Mientras caminaban lentamente por el sendero helado creado por Bela, Caín podía sentir a los monstruos que acechaban bajo la superficie. Esperaban pacientemente para atacar, pero Caín no les dio ninguna oportunidad, manteniendo un flujo constante de su magia hacia abajo para alertarlos.

Tras unos minutos, uno de los monstruos por fin se cansó de esperar y decidió atacar. Un tiburón demonio de aguas poco profundas, un monstruo parecido a un tiburón pero mucho más agresivo y duro. Saltó inmediatamente del agua, apuntando a la cabeza de Caín con sus fauces.

Caín vio los dientes afilados como navajas acercarse a él a una velocidad increíble y levantó su báculo. ¡CRAC! El báculo adoptó su forma de espada, pero no invocó a Inanna; hacerlo habría sido una exageración. En su lugar, Caín chasqueó los dedos: [Telequinesis]. La espada salió disparada hacia delante a una velocidad increíble.

Girando, la espada pasó junto al tiburón antes de que pudiera acercarse a Caín. ¡ZAS! Su cuerpo quedó seccionado en dos mitades y luego cayó detrás del sendero de hielo creado por Bela. La espada voló rápidamente de vuelta a la mano de Caín, que la sacudió para limpiarle la sangre.

¡CRAC! La espada volvió a su forma de báculo y el grupo siguió caminando. Un monstruo tan pequeño que Caín ni siquiera se vio obligado a usar su magia… bueno, usó [Telequinesis], pero eso para él es como un elemento básico.

—Como siempre, tan fuerte como un monstruo —murmuró Jella al ver a Caín diseccionar a un monstruo que ella había considerado peligroso.

Caín se rio, mirando la cara de pucheros de Jella y luego la sonrisa de su madre. —Bueno, es bueno tener a este monstruo de vuestro lado.

Zaleria miró hacia su barco, que estaba al otro lado de la isla, detrás de ellos. —Caín, ¿crees que las brujas atacarán el barco?

Caín se rascó la barbilla. —Puede que sí, pero no tienes de qué preocuparte.
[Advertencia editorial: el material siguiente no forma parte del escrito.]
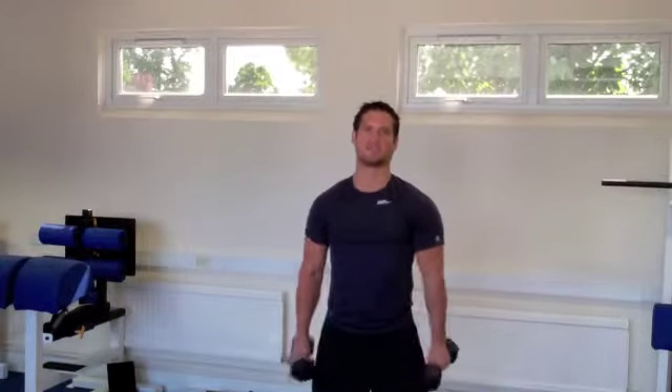Hi, this is Stephen from the DoubleVision Conditioning Centre. Back by popular demand are our Friday fitness challenges. Basically, I'm going to give you a workout every Friday that you can complete and work as hard as you can at. Then give us some feedback and let us know how it went for you.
Allí hay poder suficiente para hacer frente a cualquier cosa… —respondió con una sonrisa.

—Ariel y Chad están allí, Farryn también, y… —mientras Zaleria los enumeraba, Caín la interrumpió—. Y Kayden, recuerda que aún no se ha transformado por completo. Solo manifestó sus seis ojos incluso contra Umberlee. —Caín sonrió—. Apuesto a que la habría matado él solo de haberse transformado por completo. Sentí que estaba a punto de hacerlo cuando quedó atrapado bajo el agua…

Kayden estaba sentado junto al barco, apoyado en un poste y afilando su hoja mientras sorbía vino. —Más trabajo… —dijo, con la mirada perdida en el mar.